2. It works much better for video settings (but that type of online demo is way too CPU intensive) because we can organize each person into continuous tracks and we only need them to become 'frontal' once to do matching. And the more they are frontal, the more data points we have.
Does this technology work using both images simultaneously? Or could lots of images be pre-processed individually into something that allowed a cheaper comparison?
Just to try to explain the question better, here's an example. Let's say I have 10 images and I want to find the most similar people among any pair of images. Do I need to run every pair of images (45 full comparisons) or can I pre-process the 10 images into something such that the 45 comparisons can be done in a less expensive way?
Recognition is generally broken down into two steps, processing faces into "templates" and then comparing those templates. Generating templates includes all the preprocessing stuff as well: detecting faces in an image, estimating their pose, and finding landmark points. Our site goes into these issues in some depth (with some examples). So yes, we do break the process down: generating the templates can be done individually for every image, which allows you store that result and use it for future comparisons.

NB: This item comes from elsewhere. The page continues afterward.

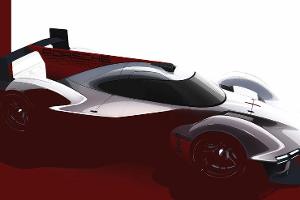Angriff auf den 20. Le Mans-Titel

Generating 2 templates is many more times expensive than comparing those templates. However, as your dataset grows, generating templates grows at N, and the number of comparisons you need to do grows at N^2. So eventually, comparisons dominate.
It worked quite well for my face but not my wife's ( http://webdemo.pittpatt.com/recognition_demo/view.php?id=X3Y... ) because her head is slightly tilted and not facing front in these pictures. I'm certain your video recog. is better but I think you should look into making the requirements for photos a bit more lax because very few photographs have full-frontal, upright faces. And once you get it right, talk to Facebook/Myspace etc. :)
OK, I'm not familiar with MatLab performance. :-) But image processing is very computationally expensive, and the demo here is unbelievably fast. It must be optimized for its specific tasks. You just can't get that from a general package.
In retrospect, it's not surprising that they're optimizing some parts with assembler - even SSE (Streaming SIMD (Single Instruction, Multiple Data) Extensions http://en.wikipedia.org/wiki/Streaming_SIMD_Extensions), which I hadn't heard of, but which is the kind of vector parallelism that gives supercomputers their speed.
CMU has been working on facial recognition for a long time. VASC and the now defunct MAPS lab did quite a bit of research for recognizing objects in general as well as facial features. It is good to see a spinoff company that can make money from the hard work put into it. More info:
I totally misunderstood what this is. You recognize and match two faces across two pictures! I thought you just identify that a face is there. You REALLY need to explain a bit clearer what it is - for you it's obvious, for a random person clicking through, it's not obvious at all. The Michael Jackson picture would be the best sample of this.